Isolating CI/CD Build Steps in MicroVMs

Ajay Kumar·June 27, 2026·9 min read

Here is an uncomfortable definition of a pull request: it is code a stranger wrote that you have agreed to run on your infrastructure. We dress it up — "CI build," "test job," "lint step" — but the moment your pipeline checks out a branch and runs `make`, `npm ci`, or `pytest`, you are executing arbitrary code from whoever opened the PR. On most CI setups that code runs on a long-lived, shared build host, in the host's own kernel, next to your caches and your secrets. A malicious PR isn't an exotic attack; it's just you holding the door open and being surprised when someone walks in.

This post is about closing that door without slowing the pipeline to a crawl. The fix is isolation at the right layer: give each pipeline job — or each untrusted step within a job — its own Firecracker microVM with a fresh guest kernel, then destroy it when the job ends. I'm Ajay; I built PandaStack, which runs every sandbox as a Firecracker microVM, so I'll be concrete about the mechanics and honest about what isolation does and doesn't buy you.

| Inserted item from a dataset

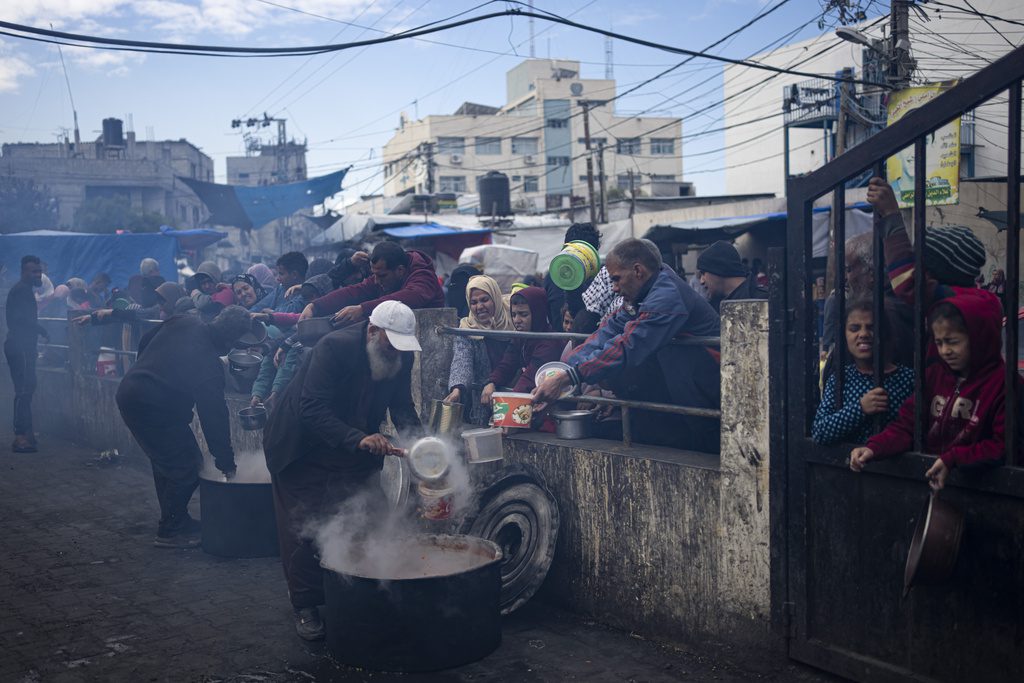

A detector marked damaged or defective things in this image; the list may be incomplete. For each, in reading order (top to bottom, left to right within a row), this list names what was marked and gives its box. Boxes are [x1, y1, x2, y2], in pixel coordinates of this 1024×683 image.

rusty metal gate frame [770, 45, 1024, 679]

Why a shared CI host is a soft target

Picture the common self-hosted setup: a beefy EC2 box or Kubernetes node runs a CI agent, and every job lands on it as a container or a bare process. Containers feel isolated, but a container is a Linux process with namespaces and cgroups running on the host's kernel. Every job on that machine shares one kernel — and that kernel is the security boundary you're betting other people's build scripts against.

The attack surface isn't theoretical. A build step is allowed to run anything: it installs dependencies, executes test code, runs codegen, shells out to `curl`. So a hostile (or merely compromised-upstream) PR can do a lot before any human reviews a diff:

Read secrets in the runner environment — registry tokens, cloud credentials, signing keys, the deploy token sitting in an env var "just for this job."
Poison a shared build cache — write a backdoored artifact into the Docker layer cache, the npm/pip cache, or a mounted ccache dir, so the next legitimate build (on main) silently consumes it.
Pivot via the host kernel — exploit a kernel or container-runtime bug to escape the container and own the runner, then every job that ever lands there.
Tamper with the next job — leave a cron, a poisoned PATH binary, or a modified toolchain on a runner that isn't wiped between jobs.
Exfiltrate quietly — the job has network egress by default, so anything it read can leave over plain HTTPS and look exactly like a package download.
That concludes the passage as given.